A symposium on “Music and Exile in a Global Perspective” took place on Tuesday, May 30, 2023 in Reykjavík, Iceland.
The symposium is part of the three-year research project “Musicians in Exile from Nazi Germany and Austria and their Role in the Development of Musical Life in Iceland, 1935-1974”. Gerold Gruber and Josipa Bainac Hausknecht gave the lecture “Art Creates Awareness: Estates of the Exilarte Center Vienna”.

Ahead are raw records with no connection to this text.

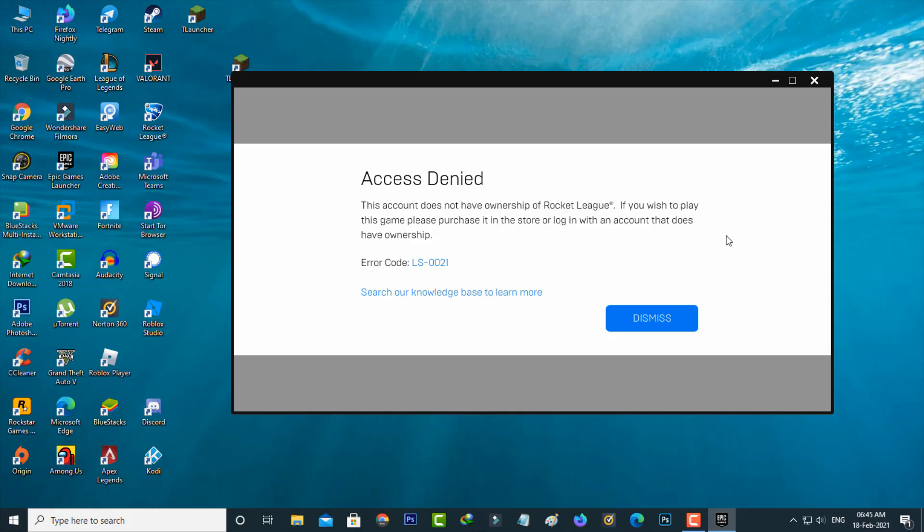But after I downloaded Rocket League, my Epic Games launcher went to logout. So at that time I mistakenly logged into this Epic Games launcher by using the Epic Games account details. So due to this account switching, my Rocket League shows this kind of error message.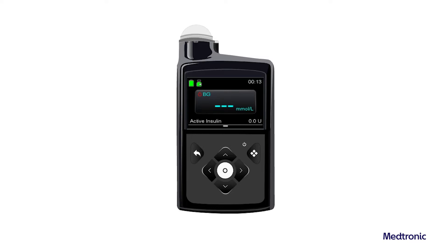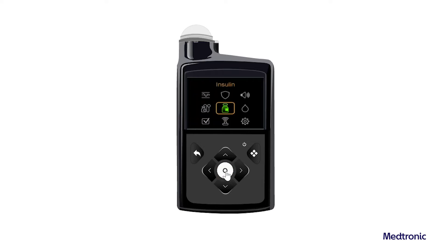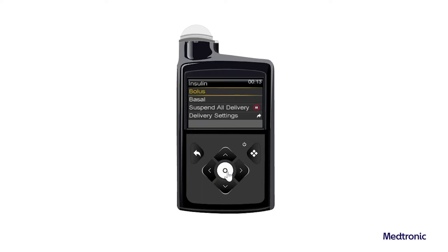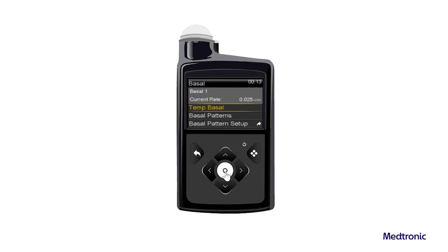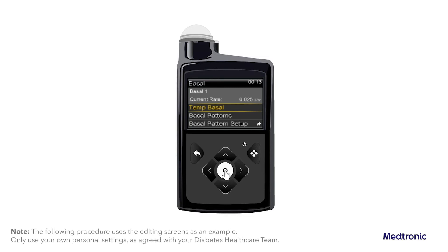To start a temp basal rate, from the home screen press select and then select insulin. Select basal and then select temp basal.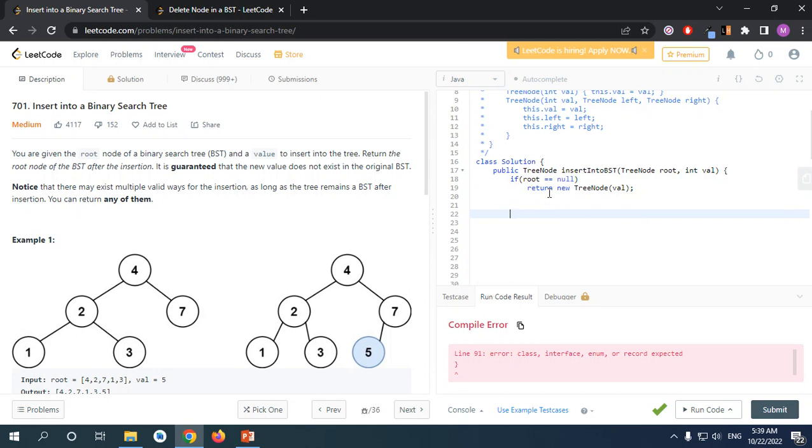This problem wants us to return a tree node which is our root after insertion. So basically I need a tree node with a reference to our root value so we can return it at the end.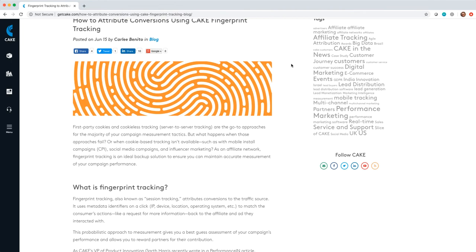Hey guys, it's Garth Harris, Vice President of Product Innovation, and today we are talking about fingerprint tracking.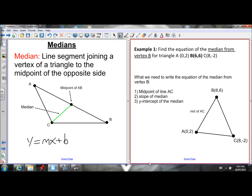Let's do example one: find the equation of the median from vertex B for the triangle with coordinates A, B, and C shown here. We'll draw a rough sketch of the triangle — the points don't have to be in the right spots, just label them so you know which points to use for each step. By definition, the median from vertex B is the line segment going from B to the midpoint of the opposite side, AC.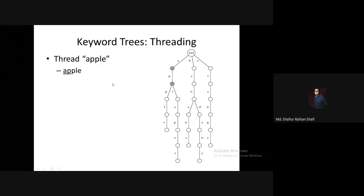We will now search for the third character, which is the second P. From the current node, we search for an outgoing edge with labeling P — yes, we have also found that.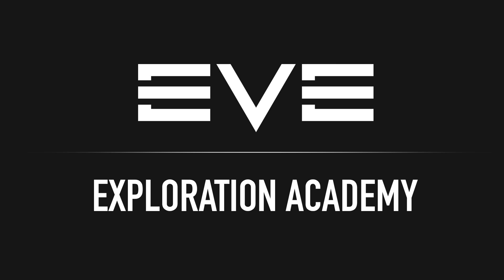Hello KZegern here, and welcome to the EVE Exploration Academy, where you're going to be learning the basics of exploration in EVE Online.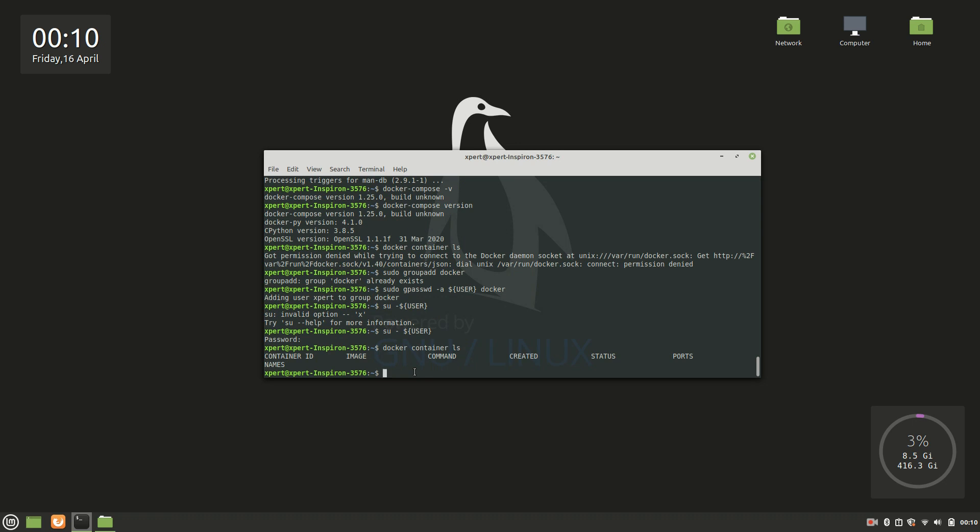So this is how you install Docker. In the upcoming videos we'll talk about Docker and explore its features in detail. So this is it for today. Thanks for watching guys, thank you so much.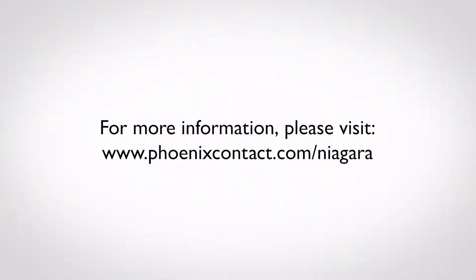If you'd like more information on this topic and other building automation related topics, please visit phoenixcontact.com slash Niagara.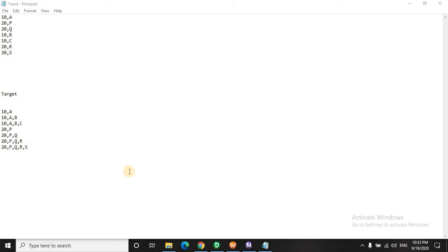Hello everyone, welcome to this lecture. Today we are going to solve a scenario where we have to print a particular pattern.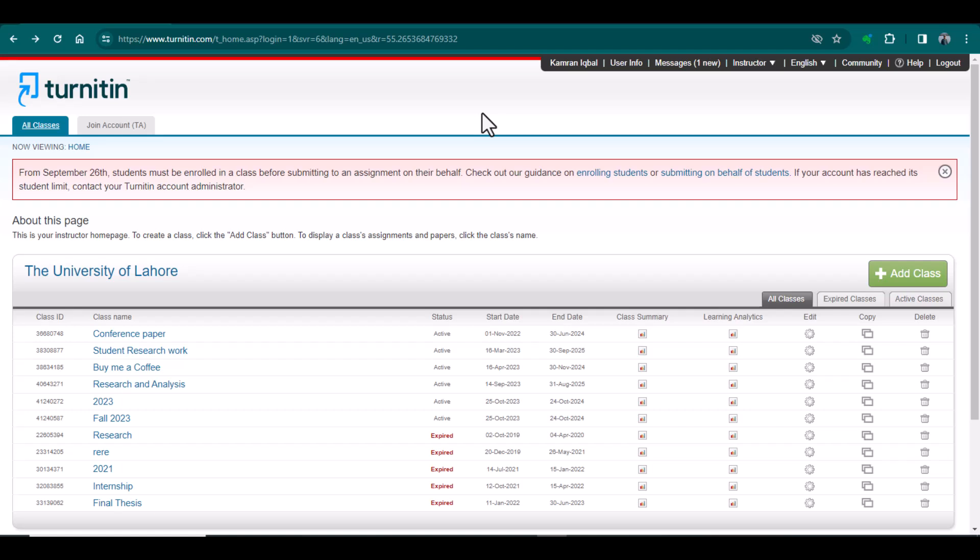Only then you can submit that document. But here is the good news — you can still submit a document without creating a class. In this video I will specifically talk about this. Please watch this video from A to Z because there are some critical points that you must understand before using this particular option.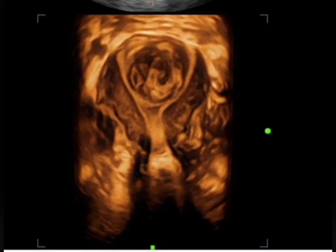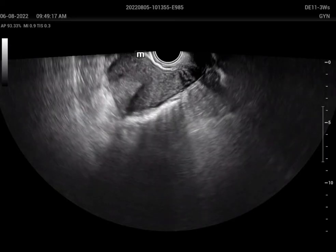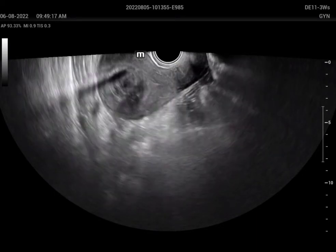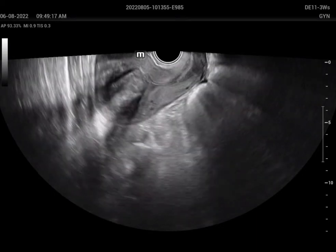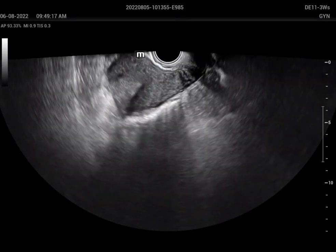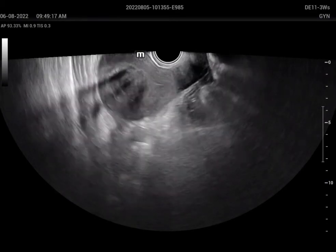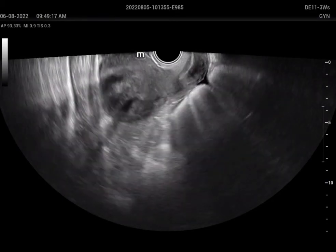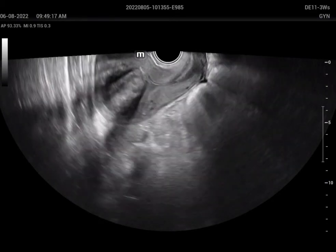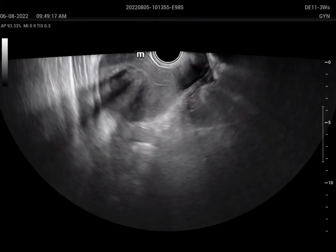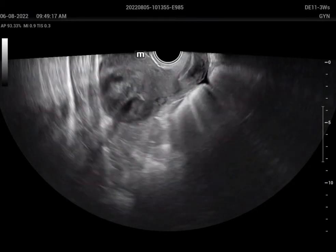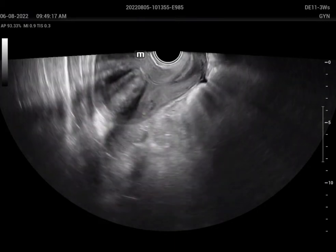Hello everyone. Today we have a case of submucosal fibroid, and we are going to discuss how to optimize your machine to get the best 3D/4D image. You can see a well-defined lesion in the endometrium on the 2D image.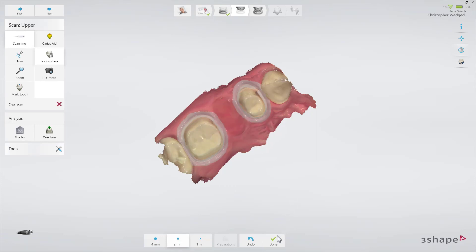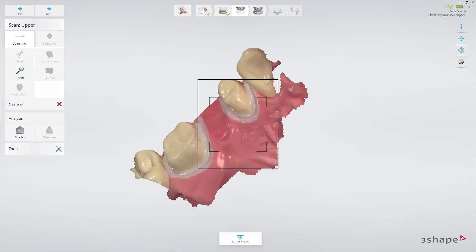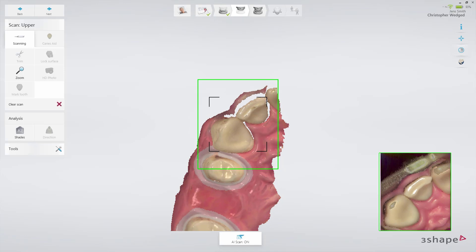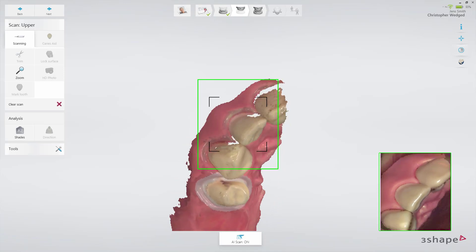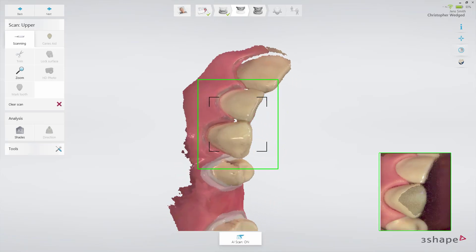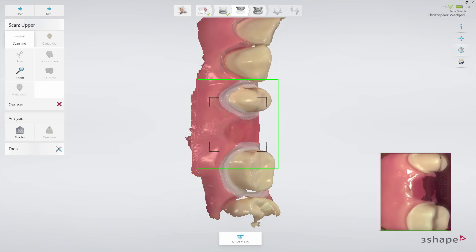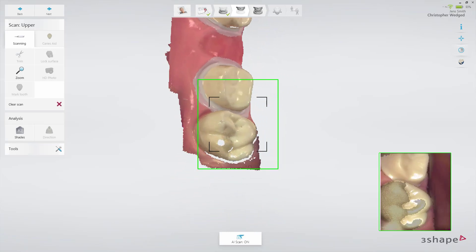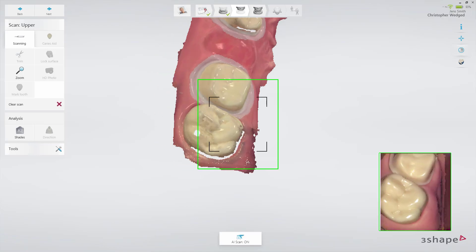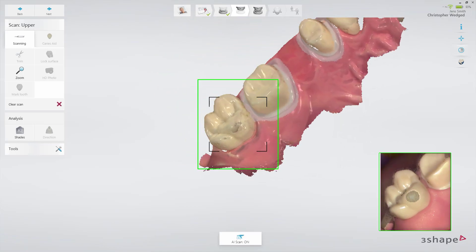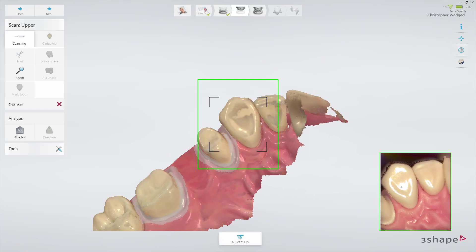Now complete the scan using the official scan strategy: continue scanning the occlusal surface from the preparation to the canine. Then, as it is the upper arch, slowly roll to the buccal side and move the scanner in the distal direction. Finally, slowly roll over the last molar and scan the lingual side.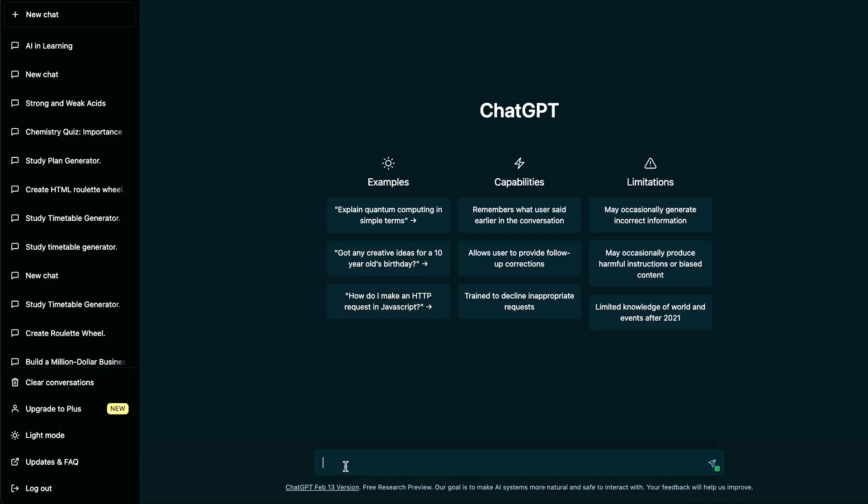First up is mixing topics in a single chat session. Because ChatGPT references the rest of your chat session, changing topics can pollute results downstream. So start fresh each time. If you have a new topic, create a new chat.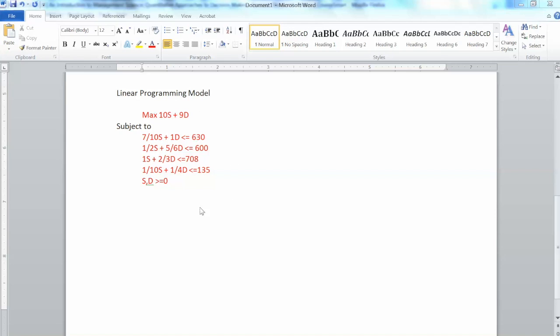On the other hand, Excel Solver is also easy to use but requires some organizing of the variables and data in the spreadsheet. Note that we need to use add-in in Excel to have the solver feature. In addition, as the model gets more complex, it will be harder to set up the model in Excel Solver.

© Exilarte, Josipa Hausknecht
In Reykjavik, Gerold Gruber visited the family of the Icelandic exile composer Victor Urbancic, who was born in Vienna in 1903. He studied composition, conducting and musicology at the Academy for Music and Performing Arts in Vienna (today’s mdw). Already during his studies he worked as a conductor for incidental music at the Theater in der Josefstadt. From 1926 to 1933 he worked as a solo répétiteur, operetta conductor and finally opera conductor at the Stadttheater Mainz. When Hitler came to power in 1933, Urbancic was already with Dr. Married Melitta Grunbaum. The family moved back to Austria. From 1934 Urbancic continued his teaching activities at the conservatory of the Musikverein für Steiermark in Graz. Just six months later he was appointed deputy director of the conservatory and quickly assumed an important position in Graz concert life. Around 1936, the Graz Conservatory in particular became a nucleus of the National Socialists’ “new ethnic music education”. After Hitler’s troops invaded Austria, the family was forced to flee. This is how Urbancic ended up in Iceland, where he was considered one of the pioneers of modern musical life.
Most of Victor Urbancic’s estate is located in Reykjavik. Sibyl Urbancic (the daughter of Victor Urbancic) will hand over her father’s estate, which is still in her Viennese apartment, to the Exilarte Zentrum.